Pilavcının pilavı çok güzel. Yalnız kendisine "Bunun içine biraz bazik gıdalar koyarak asiditesini düşürürsen daha güzel bir tad elde edebilirsin. Ayrıca menüde 1968 Kabernet şarabı da bulundurursan daha iyi olur" dediğim zaman yüzüme öylece bakmasını çok yadırgadım. Ben de gurmeyim sonuçta. Bu cümleleri kurmam lazım. Ortamı yumuşatmak için "Abi sizin lisenin pilav günü olsa, en popüler eleman sen olursun ha... ehi ehi ehi..." dediysem de yüzündeki nemrut ifadeyi silemedim.
(Pilavcı'nın Hİjyenik mekanı göz kamaştırıyor)

Pilavcıda fiyat çok uygun. Nohutlu veya nohutsuz pilav 2, pişmiş kanatlı hayvan katılırsa 3 ytl. Ayran da 1 ytl.

Farkettiyseniz çok genel yazdım. İsim veya mekan vermedim. Çünkü hepsi aynı bunların. Aynı tadı nasıl tutturuyorlar bilmiyorum ama 100 farklı yerde yedim, hepsi aynı, hepsi güzel. Gidin bir pilavcıda yeyin işte, farketmez. Ayranını kendisi yapanları tercih edin ama. Ev ayranı gibisi yok!

Final notum:

Lezzet: ****'' (4 yıldız bi boş)
Fiyat/kalite: *****
Ambiyans: yerine göre değişir.

15 Temmuz 2009 Çarşamba

Yorkshirelıyık, Sousıç Yerik, Bira İçerik

İngiliz adamın kahvaltısı da İngiliz olur.

Yanda da gördüğümüz üzere yurdum esnafı, misafirperverliğini göstermiş ve konuklarına "FULL English Breakfast" hazırlamış. Ne demek Full English Breakfast. Kompile İngilizce kahvaltı demek.

İnanmazsan bak. Ne yazmış abiler; Bacon yazmış, sousage yazmış, maşrum yazmış. Tek kelime Türkçe göremezsiniz. Ayrıca kahvaltıda tek kelime Türkçe konuşmak da yasak. Peynirdir, domadizdir, gızarmış eppekdir yoktur. Eppek falan da düremezsiniz.

Neyse benim için Alman gibisi yoktur hiçbir zaman. Sevemedim seni pembe yanak...

Bu arada aklıma gelmişken. Geçenlerde bir İngilizle iki lafın belini kırmıştık. Dedim neredensin. Amcam Yorkshire dedi. "Haa şu hobitlerin köyü mü yoksam? " dicektim utanmasam. Bilader Yorkshire ne? Sen bana sorduğunda ben sana Göller yöresi diyormuyum. Demiyorum. Desem öküz gibi bakarsın. Demem zaten ben de.
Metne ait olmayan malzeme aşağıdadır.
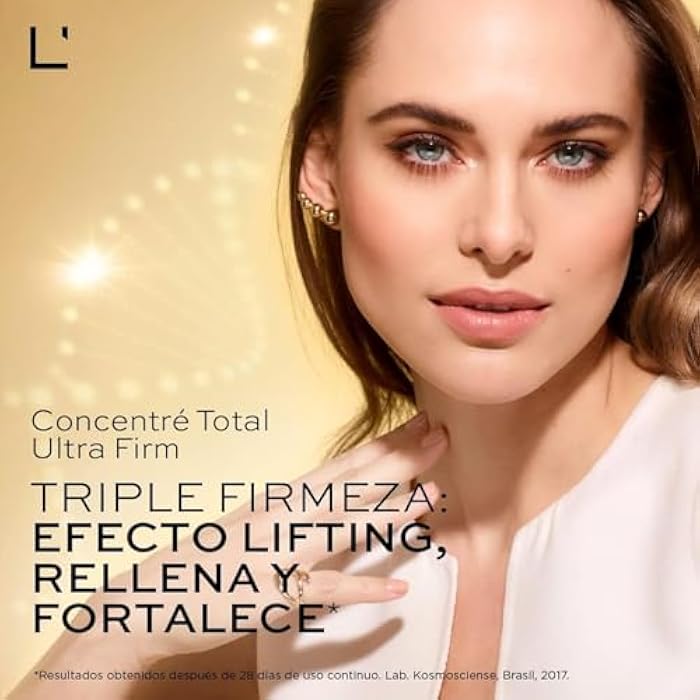 L'BEL - Concentré Total Ultra Firm Anti-Aging Facial Serum for Firming Face, Neck and Neckline - Image 5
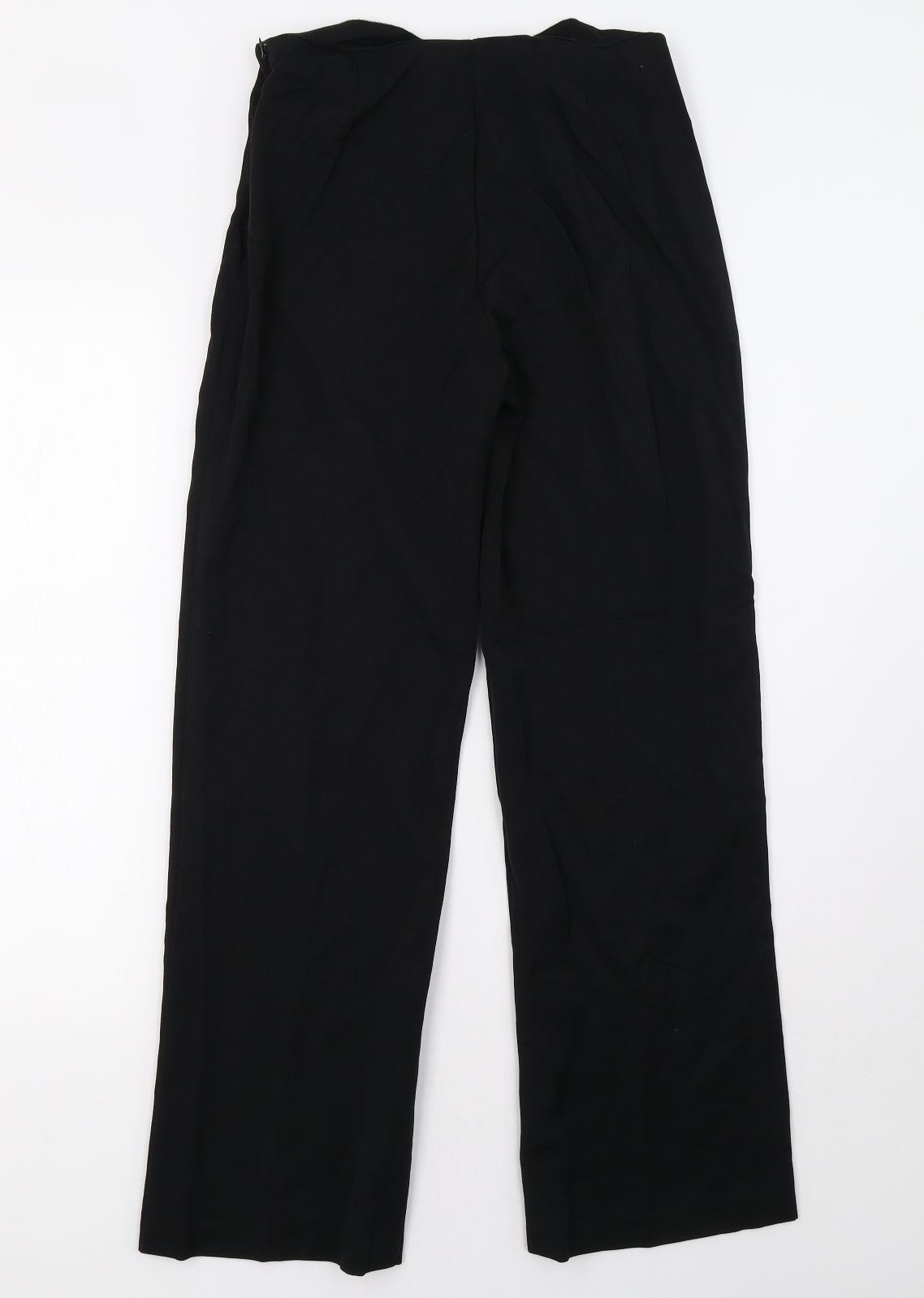 Matalan Womens Black   Trousers  Size 10 L31 in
Kompile İngilizce Kahvaltınla sana mutluluklar pembe yanak.

Mekan: Fethiye kordonda bir mekan. (çok merak eden olursa bileare söylerim adını)

Foto: Ben tabiiki ben tabiiki

14 Temmuz 2009 Salı

Reel ekonomi ses getirdi!

Büyük emeklerle hazırladığımız Reel ekonomi köşemiz etkisini göstermeye başladı sayın Evde Kendimizciler. Koskoca Wall Street Journal blogumuza reklam verdi. Para falan da vermediler ama reklamları çıkıyor sol yanımızda. Tabi böyle ciddi bir ekonomi blogunu kaçırmak istemediler, akıllı adamlar.


12 Temmuz 2009 Pazar

Reel ekonomi 006: Mahalle Bakkalı

Evet Evde Kendimizciler! Yaklaşık 2 aylık bir aradan sonra bir Reel ekonomi köşesiyle daha birlikteyiz. Bu uzun aranın sebebi ise tünelin sonunda gördüğümüz ışığın ne olduğunu anlayamamamızdı. Kemal vardı yanımda, ona sordum. Dedim "Kemal o ışık ne lan?". "Abi ya tünelin sonu, ya da karşıdan tır geliyo... Gaç lan gaç!" diye bağırınca kendimi yolun kenarına zor attım.

Bunun üzerine deynekçileri araştırayım dedim. Çok iyi organize olmuşlar, araştıramadım. Kankam Mahfi Eğilmez'e sordum "sen araştırabildin mi lan, Mahvi?" diye. Trip attı bu "Mahfi ulan Mahfi, mahvi değil!" falan dedi. "Tamam Mahpi, ne kızıyon?" dedimse de dinlemedi, gitti.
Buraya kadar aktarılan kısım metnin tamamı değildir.